Ein Wort über die Hüte. Zum Gehrock sowie zum Cutaway gehört der Zylinder mit breitem Band. Der Klapphut ist für den Frack vorgesehen. Mit dem Smoking verträgt sich der steife schwarze Hut, dessen Formen, neben den runden weichen Hüten zum kurzen Alltagsrock getragen werden.
Für die Handschuhe ist eine farbige Übereinstimmung mit der Krawatte in gewissen Fällen zu beobachten. Die Bauschkrawatte zum Gehrock, die nur Grau und Schwarz oder Schwarz als Grundfarbe mit einem untergeordneten anderen Farbenelement zuläßt, fordert graue schwedische Handschuhe. Weiße Glacés mit weißen oder schwarzen Rückennähten gehören zum Frack, graue zum Smoking. Für den Tagesgebrauch auf der Straße ist graues Renntierleder, braune oder chamoisfarbene Handschuhe zulässig. Weiße Waschlederhandschuhe auf der Eisenbahn sind keinesfalls Ausdruck der Affektion oder der Verschwendung. Im Gegenteil. Sie sind gerade hier sehr zu empfehlen, weil sie den Ruß und Schmutz nach einmaligem Gebrauch anzeigen und zur Reinigung unbedingt zwingen.
Über das Schuhwerk ist zu sagen, daß sich gelbe Juchten nur in Verbindung mit hellen Anzugsstoffen gut vertragen. Selbstverständlich niemals mit Schwarz und nur in besonderen Fällen mit Straßenkleidern dunklerer Färbung, weshalb man diese besonderen Fälle lieber vermeiden will, wenn man nicht allzugroße Sicherheit besitzt, und daher besser tut, sich an das Verläßliche zu halten. Zum Frack gehört der Lackschuh mit Knöpfen und mit Oberteilen aus Chevrauxleder. Der feine Chevreauxschuh als Schnürstiefel ist zum Gehrock gerade noch zulässig, aber nach strenger Etikette oft auch hier schon in Frage gestellt.

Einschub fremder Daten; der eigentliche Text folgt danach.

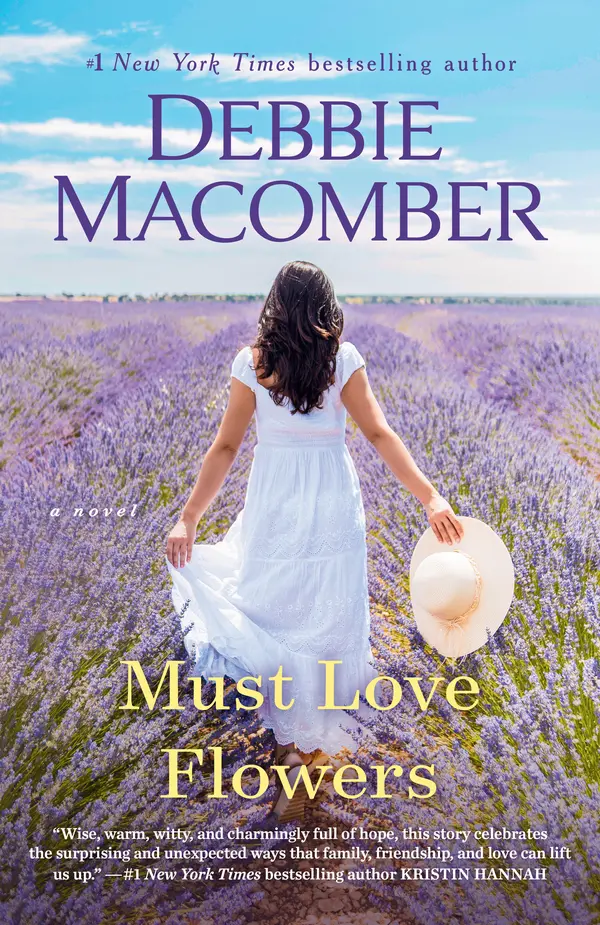 Must Love Flowers by Debbie Macomber cover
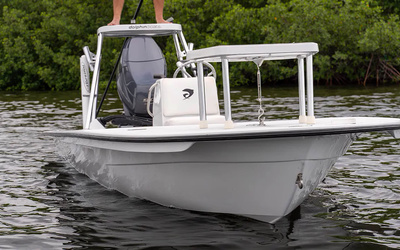 Dolphin 17' Super Skiff Pro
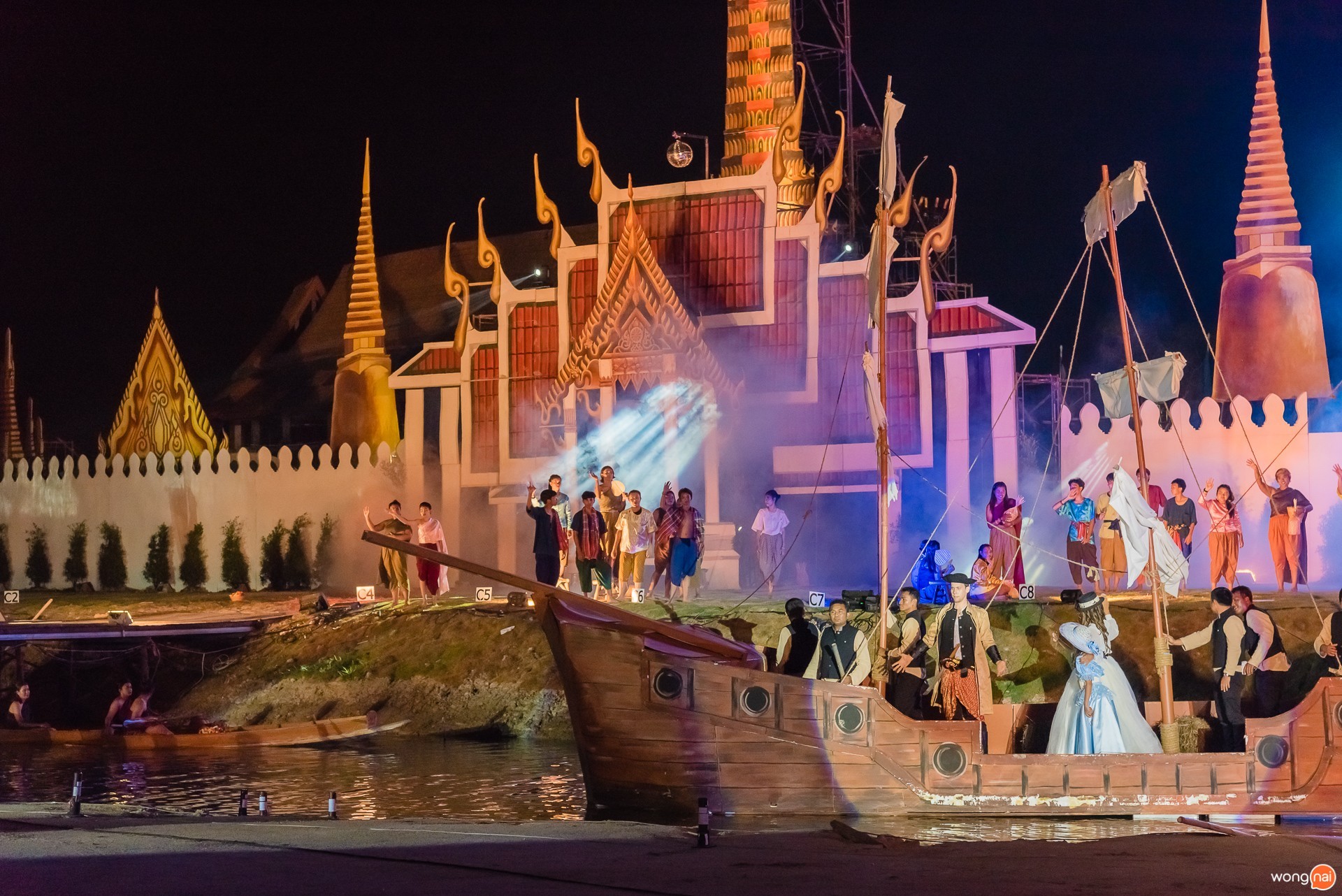 ละคร แสงสีเสียง อิงประวัติศาสตร์ถลาง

Von den unendlichen kleinen Variationen in den Kleiderformen und Schnitten, die von den Schneidern erfunden werden, um einen raschen Wechsel der Tagesmoden herbeizuführen, kann nicht die Rede sein. Der Zweck dieser Darstellung ist mit der Orientierung über das Maßgebende erschöpft. Es liegt nicht in dieser Absicht, zum Modegigerl- oder Stutzertum zu erziehen. Diese Klasse hat ihren eigenen Kodex und Merkmale, die in dem Moment veraltet sind, wo sie allgemein werden, und die Losung von morgen bedeuten, da sie eben vom Schauplatz verschwunden waren. Die Mode hat immer neue Nichtigkeiten und neue Überraschungen, die beim genauen Zusehen stets schon einmal dagewesen sind. Sie hat nichts Neues und ist doch voller Neuheiten. Einen Rekord in dieser Hinsicht anzutreten, ist Sache von Leuten, die nichts besseres zu tun haben. Den anderen ist gedient zu wissen, was nach europäischer Gesellschaftssitte gilt. Es sind Konventionen, wie alle Sitten und sie zu beobachten wissen, ist das Merkmal der Erzogenheit. Sie will nicht Anstrengung bedeuten, sondern leichte und selbstverständliche Übung und Gewohnheit; Regelzwang geübt mit der Freiheit der Natürlichkeit. Auch Natürlichkeit ist eine Pose, nach Oskar Wilde, allerdings die schwierigste.